Curriculum for Peace (12 March 2008, Gargi College, Delhi) - Track 3

He wanted to eliminate war. He even became the ambassador of peace, when he went to Duryodhana he went for peace and made the demand so little that any reasonable man would have been very glad to offer the truce on the basis of that condition. Now there is a distinction between peace at any cost or if peace as far as possible, these two alternatives also we have to consider. Are we going to advocate peace at any cost, is that our goal of education for peace or peace as far as possible. Sri Krishna at that time advocated peace as far as possible after trying peace at any cost. I think I will stop at this point because I want to have your reactions to these questions.

It’s a very important point; let me formulate this question which also in curriculum, you have to take into account. Wars are of two types, there are two motivations of war. One is motivated by self-interest, for egoistic reasons. The easiest is that every individual wants to expand, self-interest, everybody wants to advance. It’s a basic tendency of human being is to expand. If I go into a railway compartment, I want a good seat and a good seat is also very flexible. We all know what is a good seat. Normally we like to have a good seat in which nobody else is around, alone; I can stretch myself, good seat. Now this is a basic need of human being to have good seat in the world therefore need for expansion. This is the one basic need and it is for that reason if anybody comes into my vicinity, I like to evade, expel that person. This is the basic reason of war. Everyone wants to expand and if two people want to expand then both of them will try to avoid each other and the finished; this is the basic reason why war takes place in the world.

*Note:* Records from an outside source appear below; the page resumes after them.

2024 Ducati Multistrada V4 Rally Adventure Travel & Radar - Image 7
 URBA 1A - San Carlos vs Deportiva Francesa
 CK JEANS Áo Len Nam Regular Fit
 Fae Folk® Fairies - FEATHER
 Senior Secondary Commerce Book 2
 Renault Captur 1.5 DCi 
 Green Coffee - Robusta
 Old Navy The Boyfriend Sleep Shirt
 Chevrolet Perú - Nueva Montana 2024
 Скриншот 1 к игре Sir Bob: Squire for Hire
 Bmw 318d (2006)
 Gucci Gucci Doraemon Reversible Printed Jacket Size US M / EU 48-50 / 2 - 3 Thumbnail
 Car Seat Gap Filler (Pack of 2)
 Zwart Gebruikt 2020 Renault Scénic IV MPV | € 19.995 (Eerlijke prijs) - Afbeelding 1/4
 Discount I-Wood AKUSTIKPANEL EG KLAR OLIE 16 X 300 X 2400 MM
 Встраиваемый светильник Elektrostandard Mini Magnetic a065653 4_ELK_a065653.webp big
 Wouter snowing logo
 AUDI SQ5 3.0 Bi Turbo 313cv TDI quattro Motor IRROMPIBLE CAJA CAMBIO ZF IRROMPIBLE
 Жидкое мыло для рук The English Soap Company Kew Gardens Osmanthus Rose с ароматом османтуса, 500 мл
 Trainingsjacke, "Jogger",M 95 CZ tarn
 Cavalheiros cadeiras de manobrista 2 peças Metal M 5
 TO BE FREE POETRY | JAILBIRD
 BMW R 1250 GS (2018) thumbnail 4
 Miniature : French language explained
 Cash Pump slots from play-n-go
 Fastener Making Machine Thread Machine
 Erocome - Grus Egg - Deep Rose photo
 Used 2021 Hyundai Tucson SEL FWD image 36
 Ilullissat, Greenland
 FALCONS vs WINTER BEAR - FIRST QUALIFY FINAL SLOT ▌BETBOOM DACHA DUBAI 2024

Second is even if I have got peace, I have got a good seat, I might say well I want to tell my people that I command the Railway so much, the whole railway will run only for me, one saloon, I will be the master of all that I survey. It’s a big ambition, not only expansion but an ambition. Now this ambition has also many aspects. Ambition is greatly gratified when it has not only a good space for its kingdom but also has articles and objects and human beings over whom you can dominate. You not only need vast space, you want to dominate, your great satisfaction comes when I tell somebody, do it and he or she does it, I feel greatly satisfied, egoistically. I want to dominate. Why, I like it, there is no why. It’s a natural tendency of the human beings to dominate. Everybody wants his will to succeed. So that is also the cause.  Now in the process of domination there is another factor which comes into the picture – exploitation, I want to exploit. To derive the maximum profit out of the people whom I dominate, I enjoy the exploitation that is why slavery was flourishing at one time in the history of the world. Slaves were exploited. So need for expansion, need to dominate and the need to exploit, these are the fundamental reasons why people enter into war. They all emerge out of self-interest. But there is also another tendency in man. There is in human beings a great search for justice. It’s not that everybody seeks only domination and exploitation, it’s not true. There is also this aspect of human nature which seeks justice which wants to love, to cooperate, to protect, to nourish, to cherish, to relish, you want to give to the individual the right portion that is due to him. And when you find that some people are dominating and refusing justice then they want to fight. This is the question that she put up about injustice. If you see injustice before your eyes, what do you do? As Sri Aurobindo writes at the time of the freedom struggle ‘if you see your mother being attacked by a monster, and you stand what will you do? War, where is the question of peace. Therefore the idea of peace education is not so simple, as telling goody, goody stories to children.